This story has been updated with photos.
The love between pets and their owners knows no boundaries or borders.
A 2-year-old cat who went missing in Yellowstone National Park traveled more than 800 miles to his home in California.
Rainbow (pronounced “rain-bow”), a Siamese cat, ran into the trees during a visit to a Wyoming park in June, according to owners Benny and Suzanne Anguiano, who say the couple from Salinas, Monterey County, didn’t think they’d seen the last of their beloved pet.
But two months later, she got a voicemail from an animal shelter in Roseville, about 30 minutes northeast of Sacramento, saying Rainbow was available for adoption.
Their five-day trip through Yellowstone took a turn for the worse after Benny trekked through the forest wearing bear gear and spent several days combing the park. Their relentless search ended when the park’s reservations expired on June 8, and the couple returned home heartbroken. Benny told Susan that they could not stay in the park forever, and that the park rangers would let them know if Rain Bow was found.
“I knew that, but I made him stay until the very end, that’s for sure. And even when we were driving off, I had the window down. I was still calling him, we were still watching the road. It was pretty traumatic,” Susan told USA Today on Thursday.
Rainbow twin cat Star Jasmine was in her carrier, calling out to her brother when Susan learned that her twin had died. The cat was suffering from being separated from her twin for the first time in her life, and the car ride home was a sad one for her.
The couple were initially skeptical of the call from the shelter.

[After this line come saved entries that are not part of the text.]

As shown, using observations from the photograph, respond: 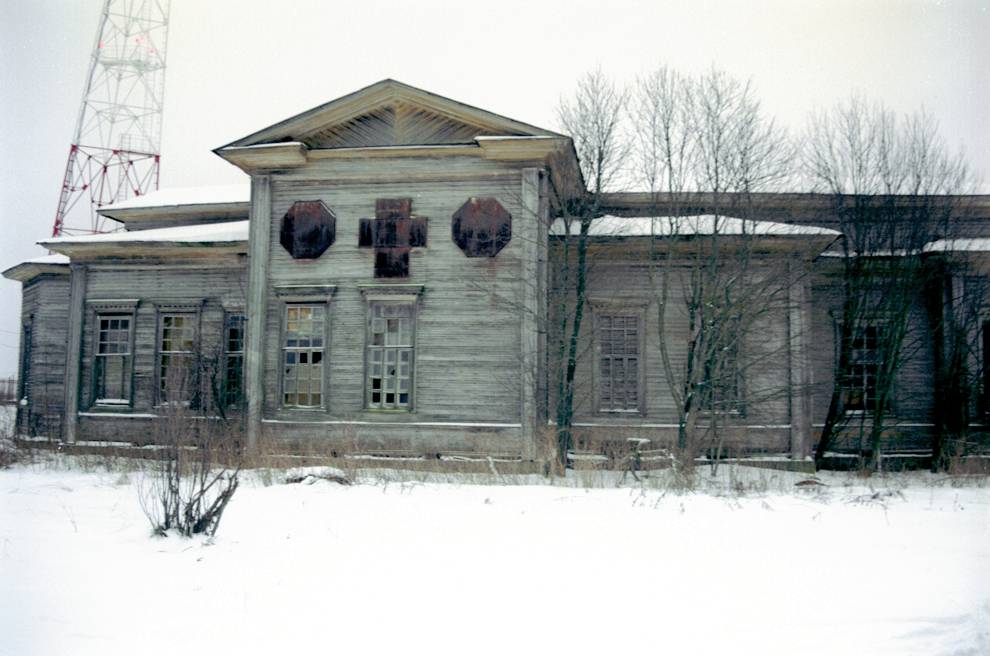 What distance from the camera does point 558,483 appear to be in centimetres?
1243

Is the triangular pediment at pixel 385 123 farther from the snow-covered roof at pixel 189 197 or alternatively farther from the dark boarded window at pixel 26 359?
the dark boarded window at pixel 26 359

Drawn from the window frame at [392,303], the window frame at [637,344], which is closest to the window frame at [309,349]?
the window frame at [392,303]

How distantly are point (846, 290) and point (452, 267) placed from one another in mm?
8910

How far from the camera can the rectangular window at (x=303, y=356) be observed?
51.4 feet

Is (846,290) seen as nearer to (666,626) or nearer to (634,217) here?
(634,217)

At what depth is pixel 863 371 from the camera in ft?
56.5

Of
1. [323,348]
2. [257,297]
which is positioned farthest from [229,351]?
[323,348]

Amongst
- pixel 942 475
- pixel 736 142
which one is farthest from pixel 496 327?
pixel 942 475

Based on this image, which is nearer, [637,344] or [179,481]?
[179,481]

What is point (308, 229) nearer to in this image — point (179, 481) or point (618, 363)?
point (618, 363)

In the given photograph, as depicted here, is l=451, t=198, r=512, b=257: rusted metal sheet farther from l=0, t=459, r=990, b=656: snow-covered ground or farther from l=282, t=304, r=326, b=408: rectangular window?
l=0, t=459, r=990, b=656: snow-covered ground

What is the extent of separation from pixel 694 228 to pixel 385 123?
270 inches

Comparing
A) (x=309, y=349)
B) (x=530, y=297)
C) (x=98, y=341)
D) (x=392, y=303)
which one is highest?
(x=530, y=297)

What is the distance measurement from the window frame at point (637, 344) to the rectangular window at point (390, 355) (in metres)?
4.10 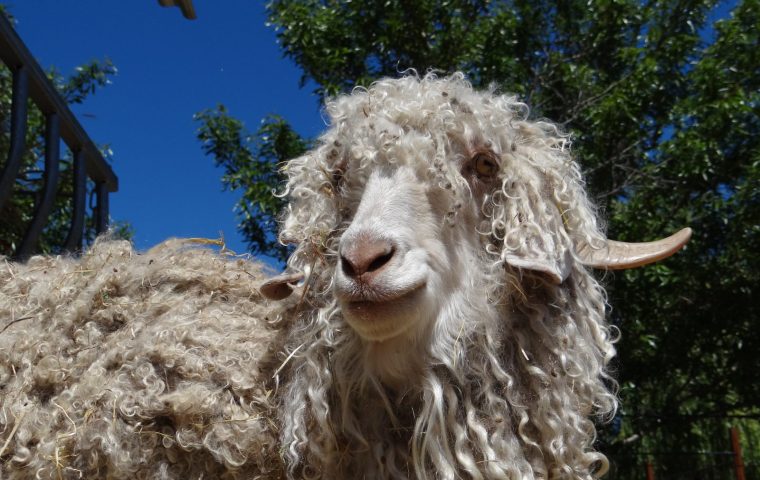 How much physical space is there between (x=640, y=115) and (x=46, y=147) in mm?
5591

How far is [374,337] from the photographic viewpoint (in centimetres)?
214

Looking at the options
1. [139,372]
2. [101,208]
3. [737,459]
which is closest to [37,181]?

As despair grew, the Anguianos held on to hope. Park officials say some pets are found months later. When they crossed the state line into Idaho, the couple saw a double rainbow, reassuring Suzanne that Rainbow was “in care.”
But they were in total disbelief when they received a voicemail from the Placer SPCA shelter in Roseville on Aug. 3 saying the cat had been found. Suspecting a possible scam, Susan said she only began to take the message seriously after her husband and daughter were also contacted.
“I said, ‘Take a picture, what if I drove three and a half hours and it’s not my cat?'” Benny said, “So they did, and about 20 minutes later they sent me the picture and sure enough, it was him.”
Fearing false hope, the pair suppressed their emotions until they met the cat, but the moment they saw Rainbow, they knew they were reunited.
“When we found out for sure we all cried. We all hugged each other and cried,” Suzanne said.
Rainbow and Star Jasmine are back to sleeping, playing and jumping together after a tough period of separation. The couple now have three cats, including newcomer Max, who they adopted as a companion for Star while she’s on her own.
The cat lost nearly half its body weight while missing
It’s unclear how Rainbow made it from Wyoming to California, but the journey was rough: Susan said his feet were calloused, dry and cracked.
Susan said Rainbow started out weighing 13 pounds but has since dropped to 7-8 pounds. A veterinarian said blood tests showed low protein levels due to malnutrition and that the family believed Rainbow had not been cared for for 60 days.
“Poor thing, he looked to be about six or nine months old. He was really tiny, just skin and bones. He’d lost half his body weight,” Benny said. “He was starving, and now he’s pulled himself out.”
Susan said both Rainbow and Star were microchipped, as per the regulations of the local shelter where they were adopted. However, the local shelter that performed the surgery said Star’s microchip quickly fell off when she was spayed as a kitten, so Susan said she was glad it wasn’t Star that escaped.
She urges all dog and cat owners to not only microchip their pets, but also to register the owner’s name and contact details, because life can be unpredictable.
“If you love your pet, that’s what you do,” Susan said. “If you want to see them again, that’s what you do. Anything can happen. No matter how careful you are, animals are animals, and just like people, something can happen and they can run away.”